Hacker News new | ask | show | jobs
by omazurov 1765 days ago
> If you're spawning one million threads, each of which will perform a blocking operation, then you're likely not CPU bound

Imagine a DAG with million nodes. Each node takes data from all its input edges, processes it and sends to all its output edges. Now that I have light threads I want to use them to implement all nodes. Edges are naturally implemented as blocking queues. If I feed enough data into this structure I get a CPU-bound workload with a lot of concurrency (and scalability). Yet the nodes will have to block on their input queues because data will not be ready in most cases.

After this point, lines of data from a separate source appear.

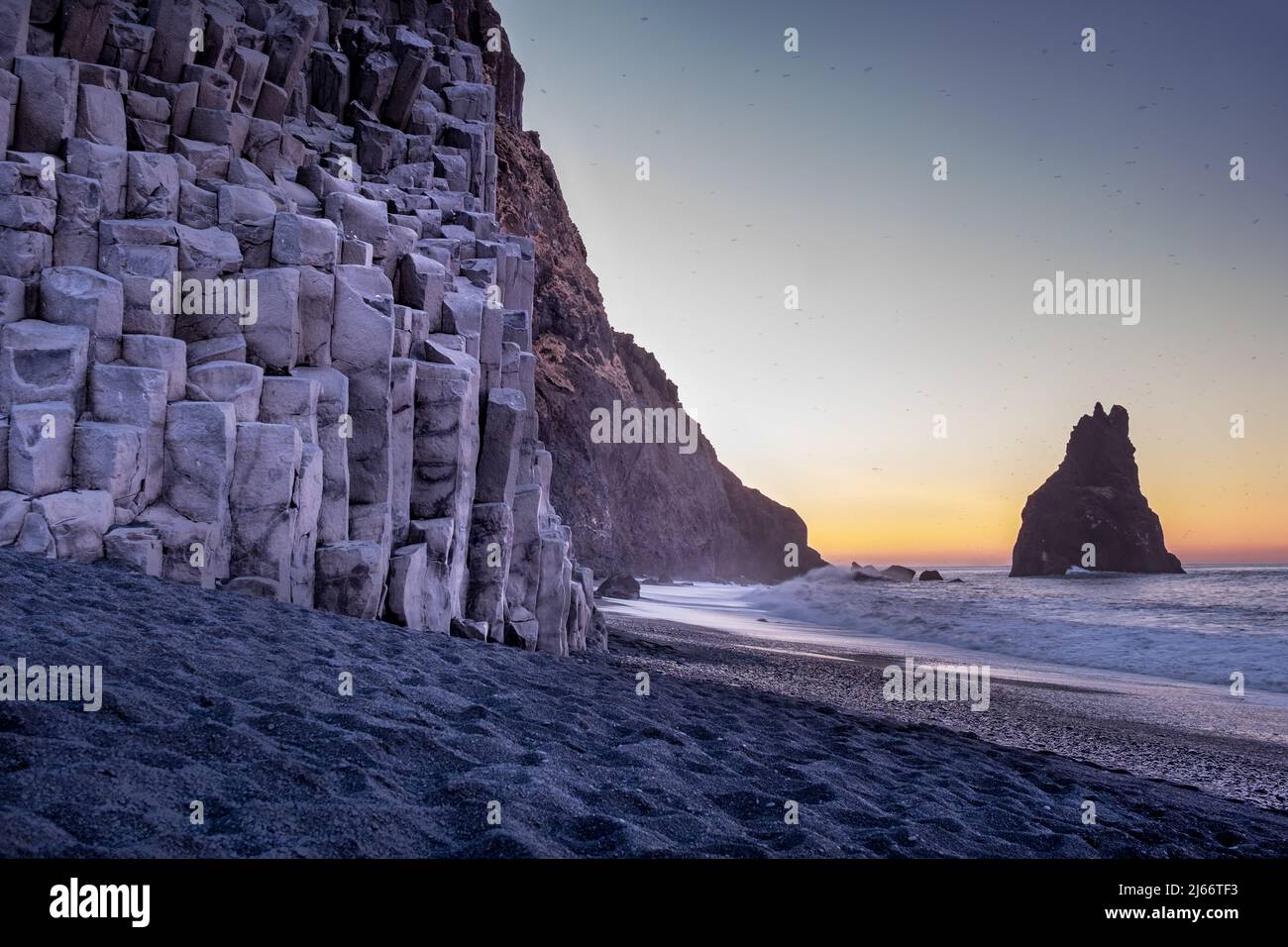 Schwarzer Strand Reynisfjara mit Basaltsäulen, Foto in der Morgendämmerung aufgenommen. Im Hintergrund einer der Reynisdrangar-Felsen. Stock Photo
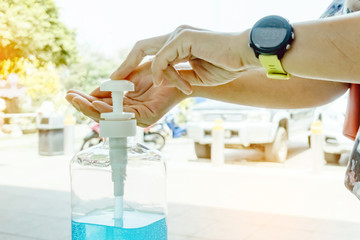Woman uses her hand to press hand sanitizer bottle to clean her hand at wayside in the city. Concepts of Flu virus, Covid-19 (Coronavirus disease). Selective focus on alcohol gel bottle.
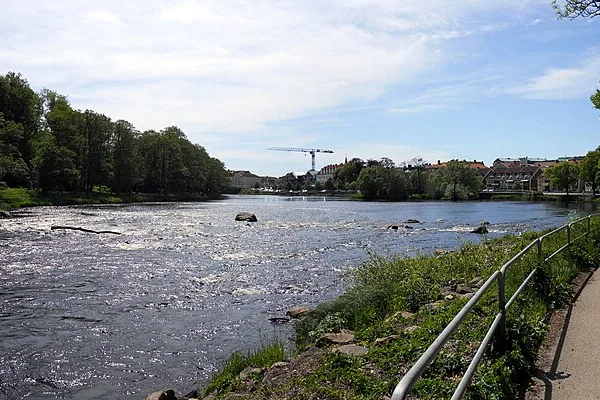 Ätran flyter bred och strömmande genom Falkenberg med strandpromenad längs vattnet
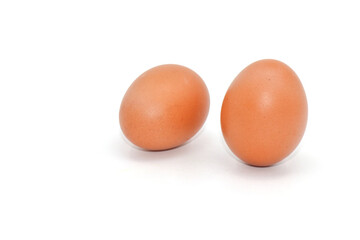 Eggs on a white background are a good source of protein. which helps build and repair worn out parts of the body.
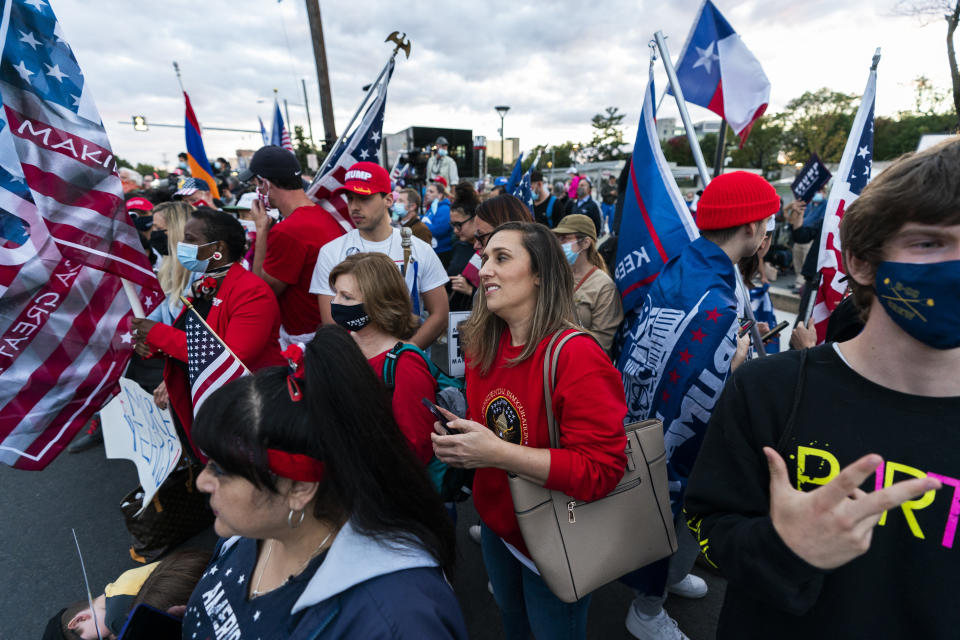 Supporters of President Donald Trump wait outside Walter Reed National Military Medical Center in Bethesda, Md., Monday, Oct. 5, 2020. Stepping gingerly, President Donald Trump walked out the military hospital Monday night where he has been receiving an unprecedented level of care for COVID-19, immediately igniting a new controversy by declaring that despite his illness the nation should fear the virus that has killed more than 210,000 Americans. (AP Photo/Manuel Balce Ceneta)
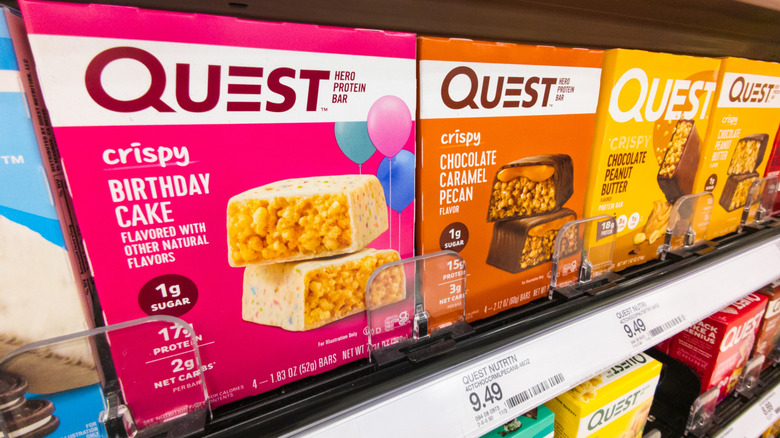 Quest protein bar boxes lined on shelves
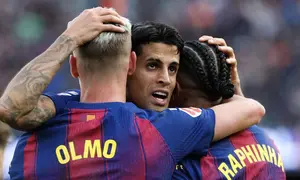 Bek Barcelona, Joao Cancelo, merayakan golnya bersama dua rekan setimnya, Dani Olmo dan Raphinha, ketika menghadapi Sevilla dalam lanjutan La Liga Spanyol di Camp Nou, Minggu (15/3/2026) malam WIB. (Lluis GENE / AFP)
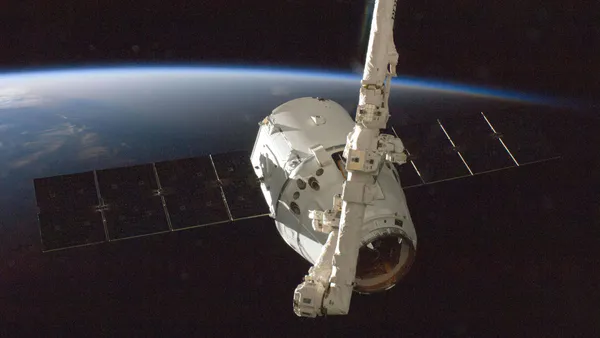 Survival of Plants Seeds and Bacteria in a Picosatellite Sent to the Stratosphere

Now, to complicate the design, I want to have I/O tasks that read data from a file/network and feed it into the DAG and send its resulting output to the UI thread. Should I use different "threads" for different parts of the design? I'd hate to, especially given the fact that all those parts are dynamic in nature.

So, of course, I'm not currently spawning a million threads to execute all those tasks but Loom says I could do that for all my tasks and my concern is that to get decent performance I'd have to explicitly separate my "CPU-bound" tasks from my "I/O-bound" tasks and use different kinds of threads for each (which I'm kind of doing right now but again the promise was...).

2 comments

In that case you should be fine. It should work as well as goroutines and async/await in other languages.

As long as you do IO or other blocking operations which block for a significant amount of time (ms instead of ns), Loom will be beneficial. Otherwise, you'd do better with regular threads in a pool, but even then I'd imagine the performance difference to be tiny.

It's not answering your question (indeed what you've described is actually very similar to my entity simulation example), but it sounds like the actor model might be a good fit, FWIW.